More About FINRA
Who We Serve
FINRA serves every U.S. investor—from newlyweds planning to buy a home, parents saving for a child's college education to seniors depending on a secure retirement.
Every one of the 53 million American investing households FINRA serves has unique needs, but all rely on one thing: fair financial markets. That is why FINRA works every day to ensure investors receive the basic protections they deserve.
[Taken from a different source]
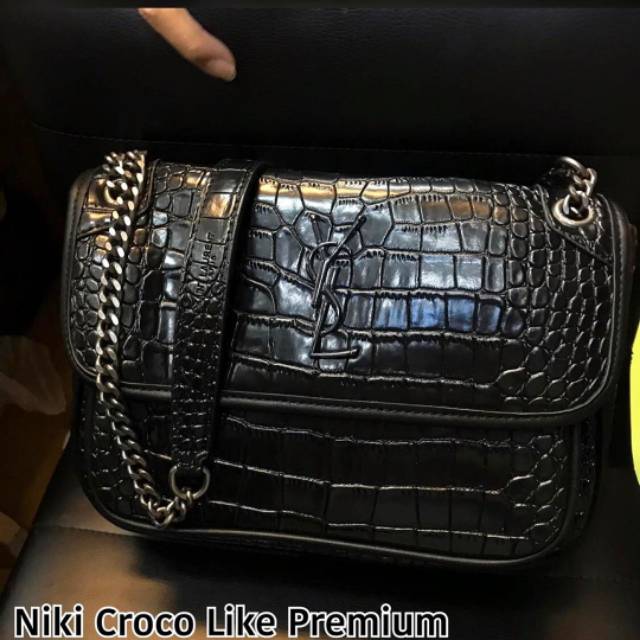 Tas Selempang Nk croco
Every investor deserves fundamental protections when investing in the stock market. Whether Americans are investing in a 401(k) or other thrift, savings or employee benefit plan, or in a mutual fund, ETF or variable annuity, FINRA works every day to ensure that:
- anyone who sells a securities product has been officially tested, qualified and licensed
- every securities product advertisement used is truthful, and not misleading
- any securities product promoted or sold to an investor is suitable for that investor's needs
- investors receive complete disclosure about the investment product before purchase
What We Do
FINRA touches virtually every aspect of the securities business—from registering and educating industry participants to examining securities firms; writing rules; enforcing those rules and the federal securities laws; informing and educating the investing public; providing trade reporting and other industry utilities; and administering the largest dispute resolution forum for investors and registered firms.
When rules are broken, we take action—meaning we can fine, suspend or expel firms or individual brokers from the business. We frequently require firms to return money to investors who have been harmed. In this role of "cop on the beat," FINRA ensures that all investors receive the basic protections they deserve—regardless of what kind of financial product they buy or who sells it to them.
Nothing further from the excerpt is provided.